In an ideal world this would not be a factor, of course, but driving a whole organisational change in release paradigm just due to lack of details or time frames is a massive ask for the sake of a single product offering, and is probably overkill if it can be avoided!
I think EKS is a great product; but the lack of transparency over releases has always been one of the few weak spots.
I can't see a downside to updating the release calendar with upstream releases, at least once they go GA, even if it's only an expected month. I also don't see why the status of the engineering can't be tracked in the GH issues like this, it'd show why we pay AWS to run our control plane. For example an EKS release (I think it was 1.18) took a long time due to an etcd integration issue, I'm glad AWS dealt with that rather than me; having this reported up front would have made me happy that AWS was taking the time to get the release right rather than frustrated that the new features weren't available.
In the past the release of updated Bottlerocket and EKS optimized AMIs were quite good indications
EKS 1.31 variants of Bottlerocket and the EKS optimized AMI have been releasesed recently: Bottlerocket EKS optimized AMI
I guess (!) EKS 1.31 will be released till end of this month.
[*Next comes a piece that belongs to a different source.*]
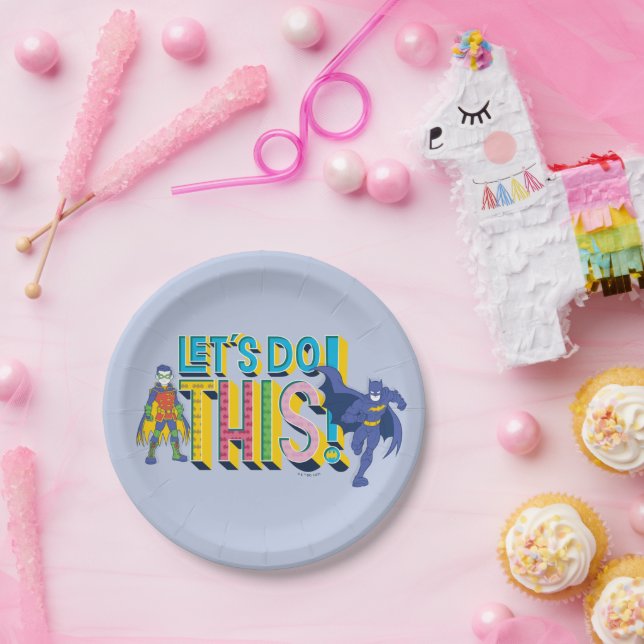 Batman | Let's Do This Paper Plates (Party)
But thats just a guess based on past experiences of course.
The EKS versions page have also been updated. Finally we can start our upgrades in sandbox environments to see what breaks (as soon as it is actually available) :-)
Could notice end of standard support as September 2025 for 1.31. Previous versions used to have 14 months duration
Well spotted @Indresh-Prakash - I'm guessing the date will be updated as soon as it is released fully. The 14 month period is still quoted on the FAQ. (screenshot)
Kubernetes version 1.31 is now GA on EKS. https://aws.amazon.com/about-aws/whats-new/2024/09/amazon-eks-distro-kubernetes-version-1-31/
This is great news, thanks for getting it done. Looks like we need EKS Pod Identities to catch up and we'll be ready to upgrade:
Error: creating AWS EKS (Elastic Kubernetes) Pod Identity Association (<unknown>): operation error EKS: CreatePodIdentityAssociation, https response error StatusCode: 400, RequestID: e9a1f290-db0a-444e-9f32-593f2124238f, InvalidRequestException: The supported Kubernetes version is from 1.24 to 1.30.
@mikestef9 could you please tell us where we can track this issue (eks pod identity) please? thanks
@mikestef9 Is there a particular version of the pod identity agent that we need to be running for v1.31 support? The agent's public repo doesn't contain any relevant commits or releases that indicate support for v1.31 was added.